### Instructions to follow
Print the entries below word for word; the pictures stay out of your copy.

------------------------

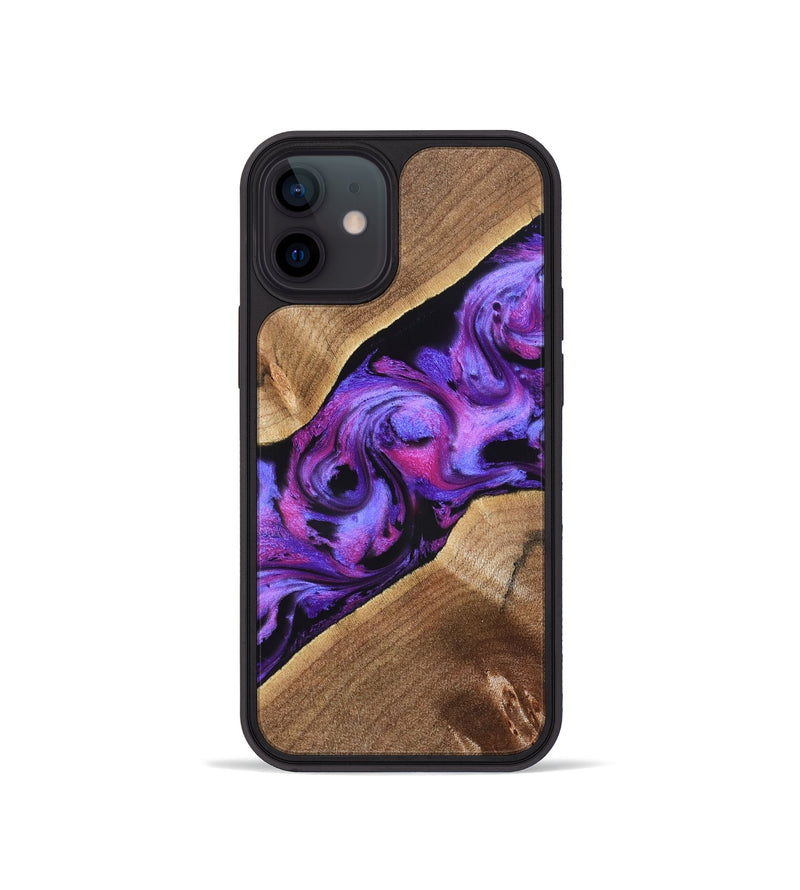 iPhone 12 mini Wood Phone Case - Corey (Purple, 827339)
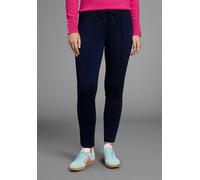 Jogger Pants LAURA SCOTT, Damen, Gr. 40, N-Gr, blau (navy), Milano Rib, Obermaterial: 76% Polyester, 20% Viskose, 4% Elasthan, unifarben, figurumspielend knöchelfrei, Hosen, aus bequemer, elastischer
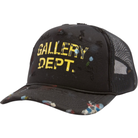 Gallery Dept. Painted Distressed Trucker CAP Hat Black CAP Hats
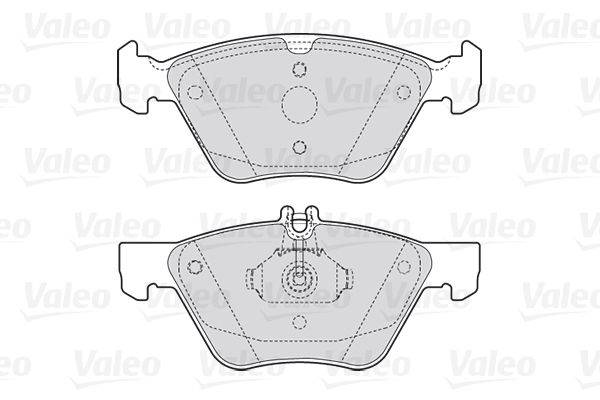Valeo 301636 Bremsbelagsatz, Scheibenbremse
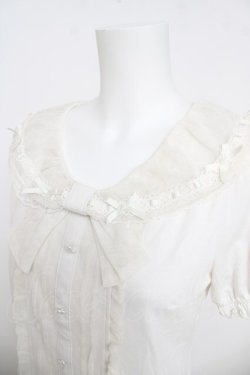 画像3: LIZ LISA / リボン襟ブラウス風カットソー 0 オフ Y-26-03-24-042-LO-BL-SZ-ZY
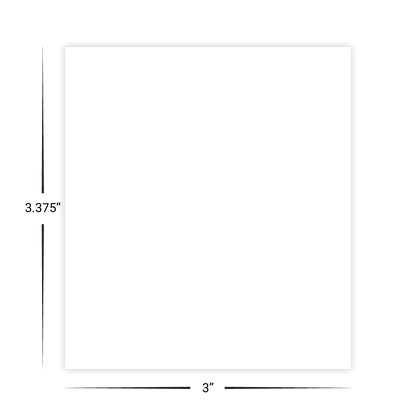 Custom Plastic 3.375" x 3" Cards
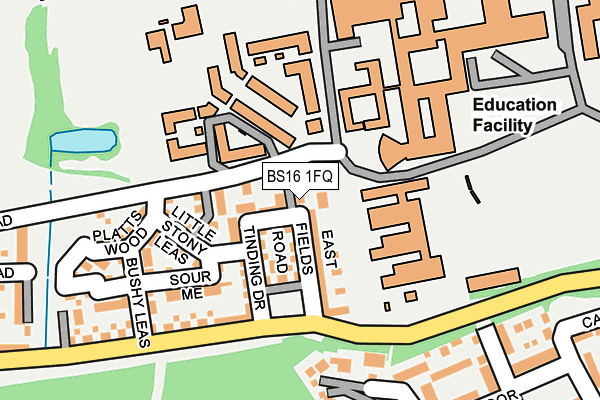 BS16 1FQ map - OS OpenMap – Local (Ordnance Survey)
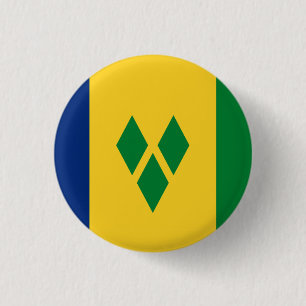 Nationalflagge St. Vincent und die Grenadinen Button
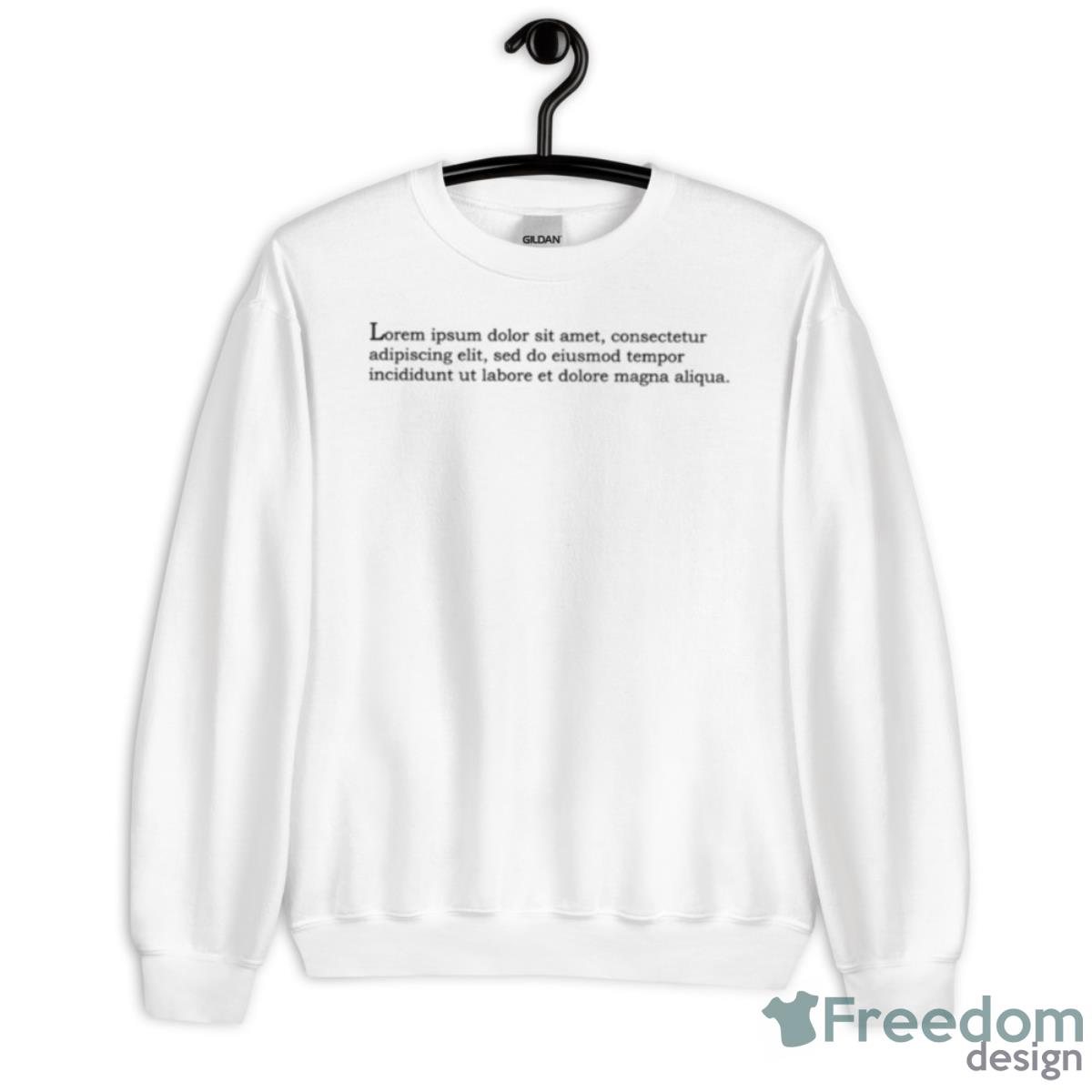 Lorem Ipsum Dolor Sit Amet Shirt - Unisex Heavy Blend Crewneck Sweatshirt
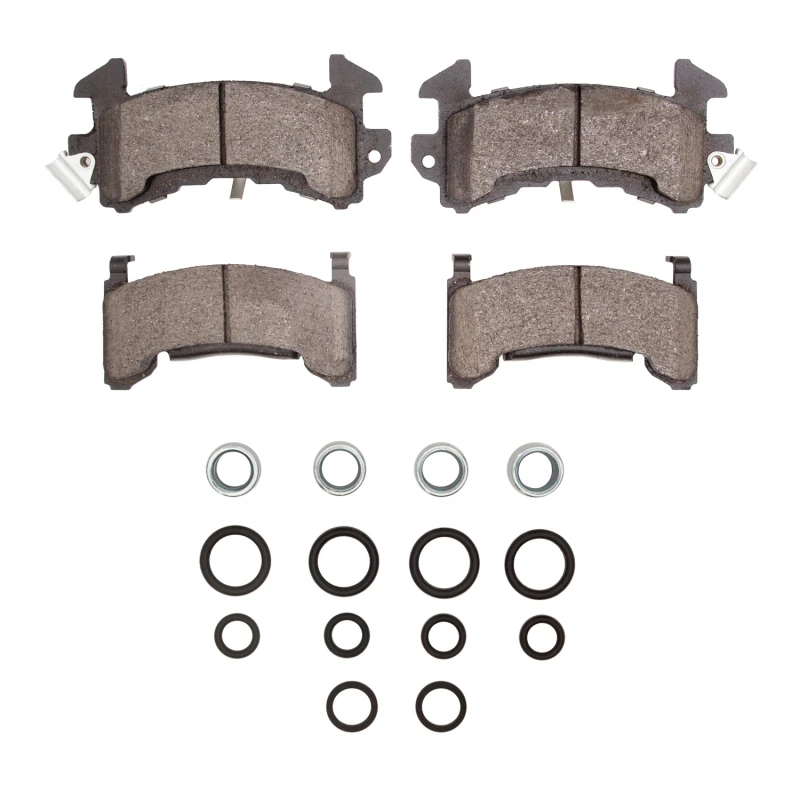 DFC 78-85 Buick Estate Wagon Rear 4000 HybriDynamic Brake Pads and Hardware Kit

------------------------

### Written reply
 iPhone 12 mini Wood Phone Case - Corey (Purple, 827339)
 Jogger Pants LAURA SCOTT, Damen, Gr. 40, N-Gr, blau (navy), Milano Rib, Obermaterial: 76% Polyester, 20% Viskose, 4% Elasthan, unifarben, figurumspielend knöchelfrei, Hosen, aus bequemer, elastischer
 Gallery Dept. Painted Distressed Trucker CAP Hat Black CAP Hats
Valeo 301636 Bremsbelagsatz, Scheibenbremse
 画像3: LIZ LISA / リボン襟ブラウス風カットソー 0 オフ Y-26-03-24-042-LO-BL-SZ-ZY
 Custom Plastic 3.375" x 3" Cards
 BS16 1FQ map - OS OpenMap – Local (Ordnance Survey)
 Nationalflagge St. Vincent und die Grenadinen Button
 Lorem Ipsum Dolor Sit Amet Shirt - Unisex Heavy Blend Crewneck Sweatshirt
 DFC 78-85 Buick Estate Wagon Rear 4000 HybriDynamic Brake Pads and Hardware Kit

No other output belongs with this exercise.